Le don avait eu lieu pendant une fête organisée par l’École chinoise de Brossard. «On n’avait pas le choix. C’était devant tout le monde. Alors, tu dis merci beaucoup, pis tu le prends», relate Mme Payette.
Aucun catalogage précis du contenu de ces livres n’a été effectué depuis, faute d’effectifs. Le Journal a pu en examiner quelques-uns lors d’une récente visite.
De récits historiques patriotiques à un ouvrage en l’honneur du Parti communiste en passant des manuels de langue ou des romans: les livres en caractères chinois sont variés dans la petite section qui leur est affectée.
«Propagande»
La bibliothèque n’a reçu aucun autre don provenant de représentants de pays étrangers.

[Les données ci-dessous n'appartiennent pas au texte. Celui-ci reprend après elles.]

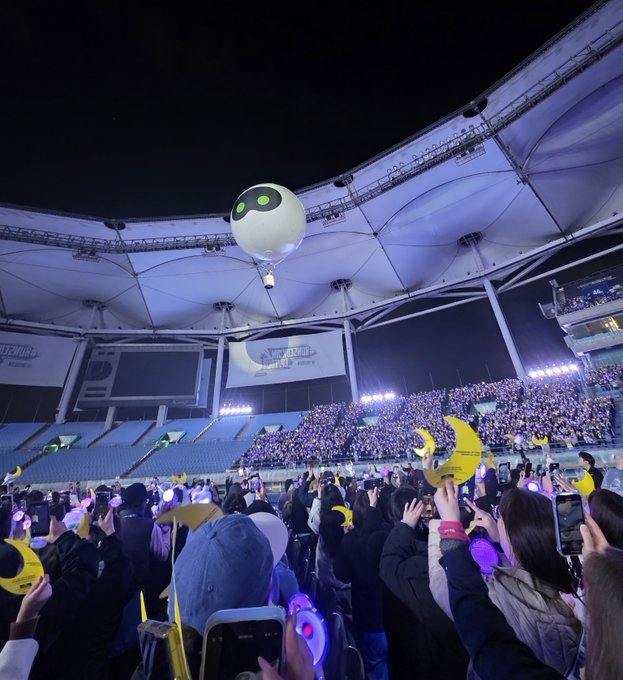 A nighttime stadium concert with a large crowd holding yellow crescent moon wands and a white balloon with a face floating in the air.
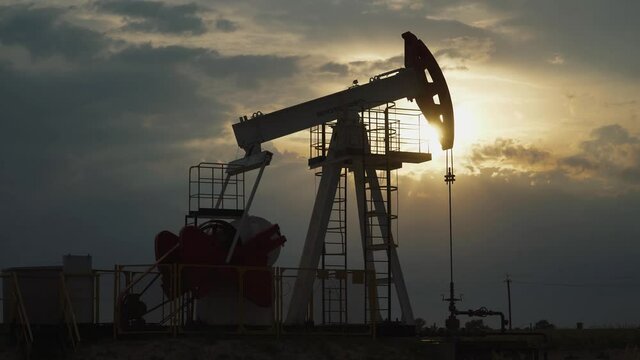 Oil mining, an oil rig in the field pumps out oil, view of an oil rig at sunset, resource extraction for fuel production, sunset light in the golden hour, timelapse.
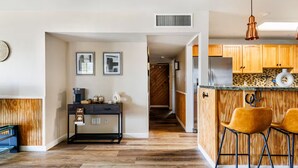 A modern kitchen with wooden cabinets, a stainless steel refrigerator, and a bar area with two stools. - 3-bedroom Phoenix Cabin with cool AC for relaxing stay (Phoenix)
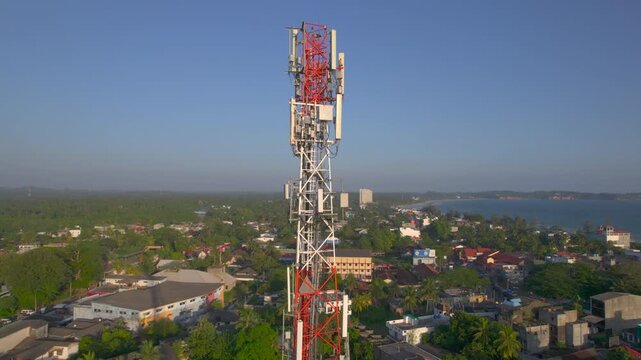 Aerial video of telecom cell tower rising above tropical coastal town with palm trees seaside buildings and calm bay communication infrastructure and shoreline landscape in daylight close view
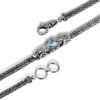 detailed sterling silver octopus bracelet with blue topaz and 18K gold accents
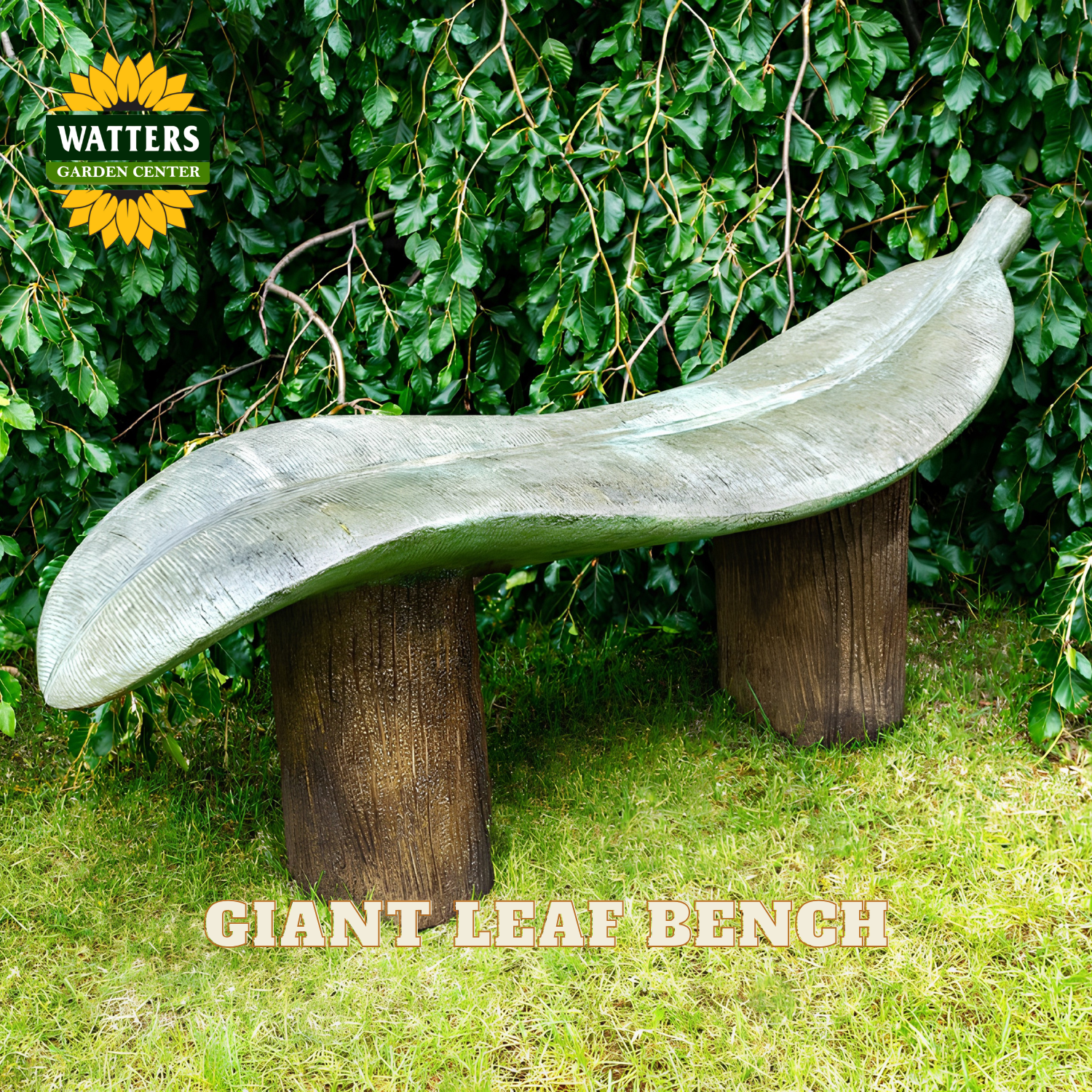A leaf-shaped outdoor bench made of weathered gray stone or concrete, mounted on two dark brown cylindrical posts, set in a garden with green grass and a leafy hedge background. Text overlays read 'GIANT LEAF BENCH' and a 'WATTERS GARDENS CENTER' logo is visible in the top left.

«On parle beaucoup d’ingérence étrangère maintenant, mais ce n’était pas dans l’air du temps quand on a acquis les livres. Aujourd’hui, on ferait plus attention», explique Mme Payette.
Pour des experts en sécurité nationale, la situation, si elle semble anecdotique en apparence, témoigne bien de l’intérêt du gouvernement chinois à demeurer près de ses citoyens d’outremer.
«Ça fait partie d’un plan bien organisé pour être aussi influent que possible. Bien sûr, il y a une différence entre influence et ingérence. Mais il faut voir ça comme un exercice de propagande [...] La communauté chinoise est une grande priorité pour le président Xi Jinping», croit l’ancien ambassadeur du Canada en Chine Guy Saint-Jacques.
«Plusieurs pays cherchent à faire leur promotion. Ce n’est pas limité à la République populaire de Chine», nuance pour sa part Arthur Wilczynski, ancien haut fonctionnaire.
Ce dernier croit toutefois que les livres devraient être identifiés pour que les lecteurs sachent qu’ils ont été offerts par un «acteur étatique qui a des intérêts qui s’enlignent rarement avec ceux des Canadiens».
«Est-ce que ça pourrait être un don désintéressé? Tout à fait. [...] Mais on sait aussi que la Chine essaie d’exercer du contrôle sur la diaspora chinoise au Canada. Donner des livres pro-Chine ou progouvernement peut être interprété comme une tentative d’influencer la population», analyse Dennis Molinaro, ancien analyste de sécurité nationale qui enseigne maintenant à Ontario Tech University.
«C’est aussi surprenant qu’on ait tenté de passer par la mairesse. Si tu veux donner des livres à la bibliothèque, tu contactes la bibliothèque habituellement», conclut-il.